Miro sus manitas, pequeñas y delicadas, como las de mi hijo en mis recuerdos. Una imagen dolorosa se me viene a la mente: las noches en las que me sentaba a leerle cuentos, su risa cuando hacía voces divertidas para los personajes. Pero también está el recuerdo de las discusiones que tuve con su madre, los errores que no pude enmendar. Sacudo la cabeza, intentando borrar esos pensamientos, pero no es tan fácil.
—¿Sabes, Manthis? Mi mamá dice que las flores son como personas —habla de repente, mirándome con una expresión seria—. Si les hablas bonito, crecen mejor. Pero si les gritas… —Hace una pausa, bajando la mirada— se marchitan.
Por un momento, me siento paralizado. Hay una verdad en sus palabras que me golpea de forma inesperada. «Si les gritas, se marchitan». Me pregunto si eso fue lo que pasó con mi familia. Si de alguna manera, los errores y los silencios duros que cargaba dentro, marchitaron lo que intentaba proteger.
—¿Entonces tú les hablas todos los días? —le pregunto, intentando desviar la conversación.
—Sí, y también les canto.
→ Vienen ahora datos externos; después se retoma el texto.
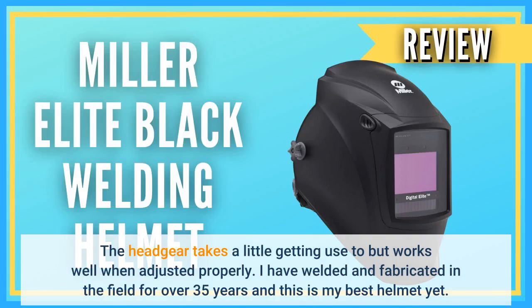The headgear takes a little getting used to but works well when adjusted properly. I have welded and fabricated in the field for over 35 years and this is my best helmet yet.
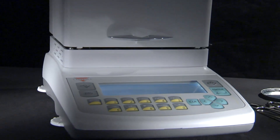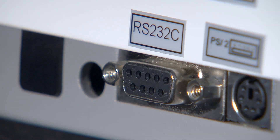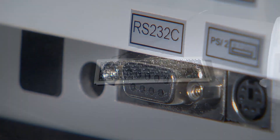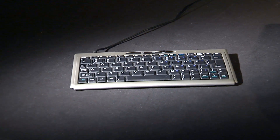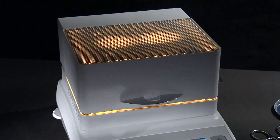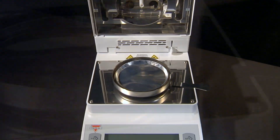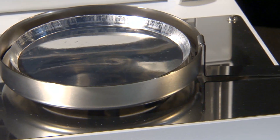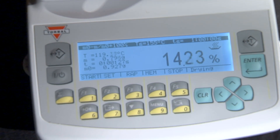Each unit is equipped with an RS-232 interface port, as well as a PS2 external keyboard port, which allows for an external keyboard connection that becomes particularly useful when entering analysis notes and remarks. The AGS is equipped with stainless steel pan supports that are resistant to chemicals and possible staining, a 20-key sealed front panel, and dual tear keys.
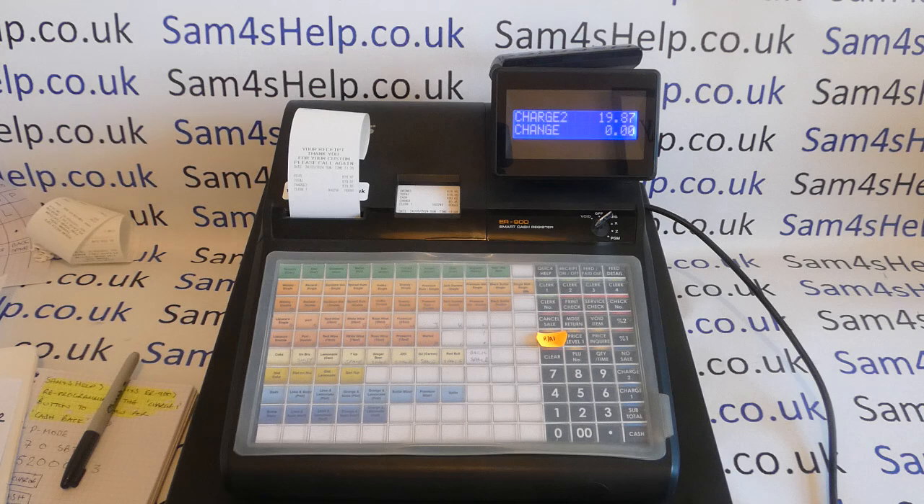So what we're going to do now is reprogram our charge one button to be called card, allow the over-tender, and then allow it to give the change in cash instead of card. This is fairly complicated programming. If you're looking at this video without having ordered your till already and you want this functionality, I'd definitely spec it — it's not something I'd put on there necessarily as standard. It's quite a niche feature.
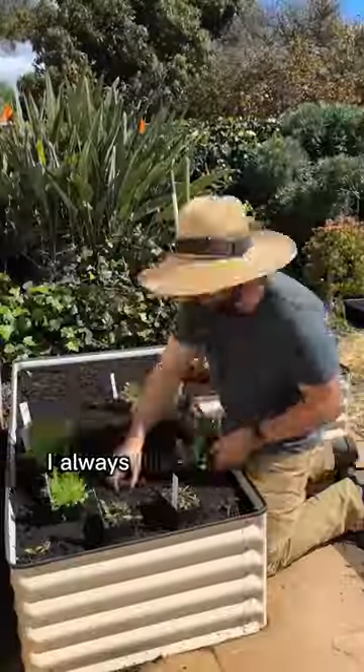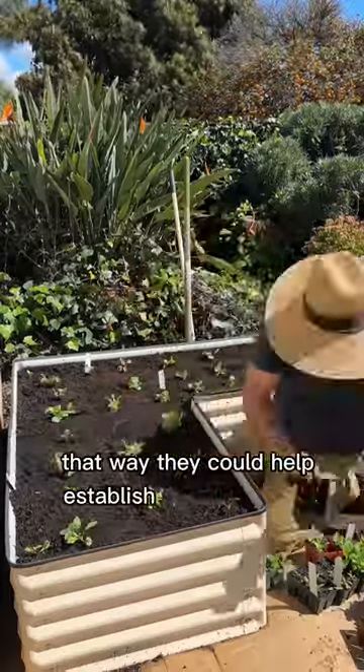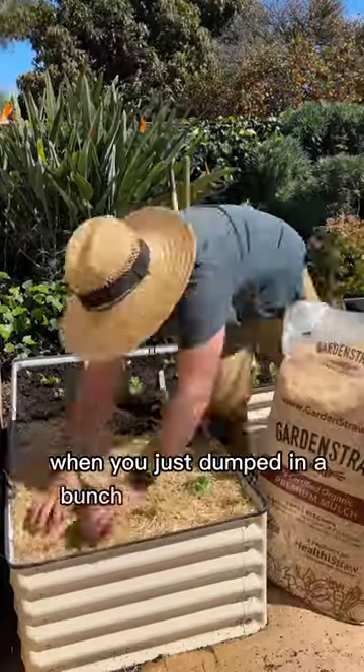Whenever I plant a new bed, I always like to plant things that grow very quickly, like arugula, radishes, or really any green. That way, they can help establish the soil biology without needing many nutrients, which can be tricky when you've just dumped in a bunch of new potting mix.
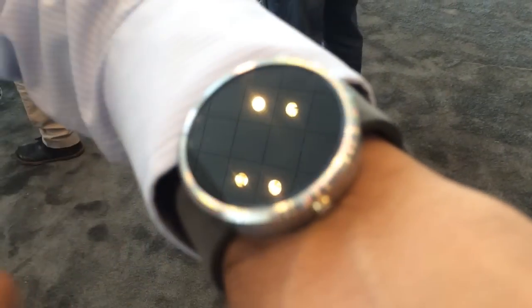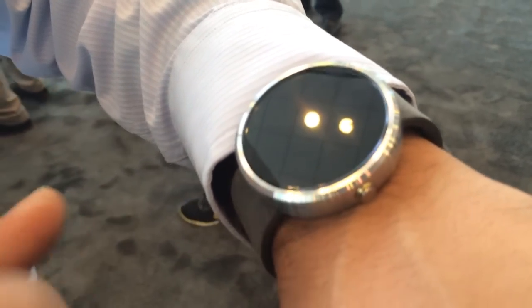We use a round display with edge-to-edge coverage all the way up to the bezel, giving you maximum screen space. We're using materials like pure leather and stainless steel.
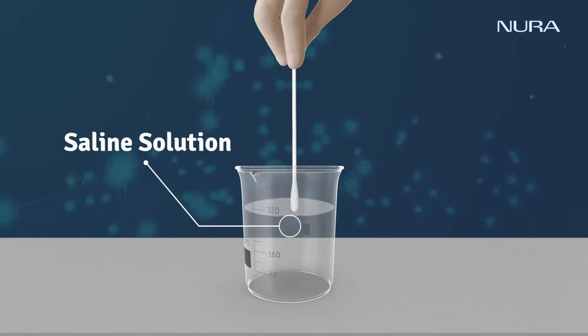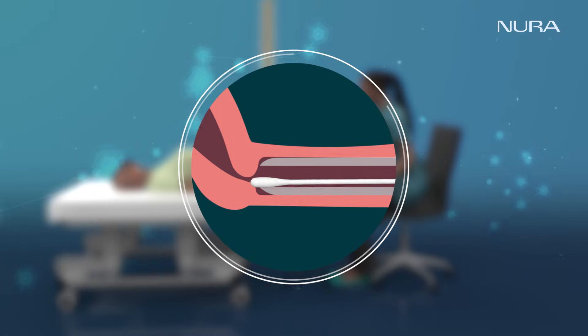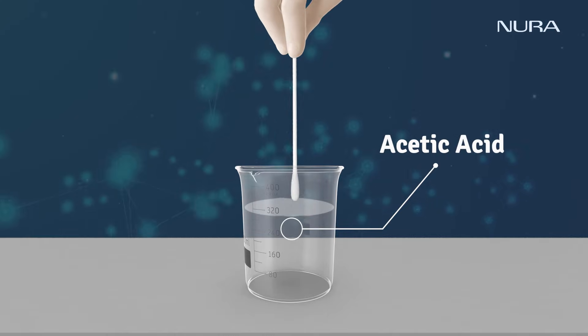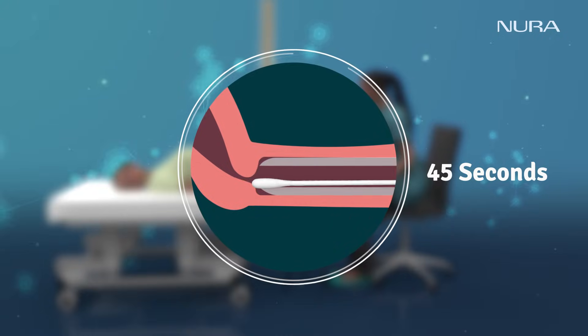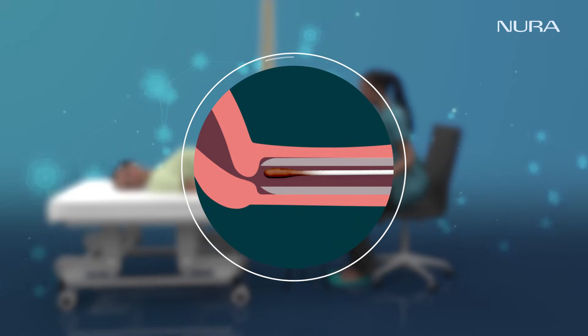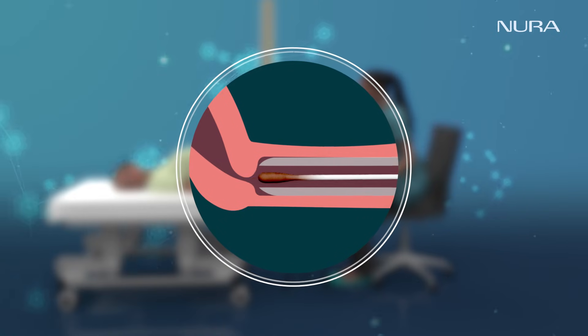A small amount of saline solution will be used to swab the cervix and take images. The examiner will then keep applying acetic acid for 45 seconds and take images. The cervix is then stained with Lugol's iodine, and images are taken.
Mamá dice que así saben que no están solas.
Una punzada de nostalgia me atraviesa el pecho. Las palabras de Lena son tan simples y tan llanas, pero encierran un consuelo y una comprensión que no esperaba encontrar en una niña tan pequeña. La miro, tratando de entender de dónde sale toda esa ternura, y en ese momento, noto algo en mí que ha cambiado. Ya no me molesta su presencia. Incluso su vocecita, que en otro tiempo me habría parecido una distracción, ahora se siente como un bálsamo. No sé si quiero aceptarlo, pero… su compañía me reconforta, aunque me cueste admitirlo.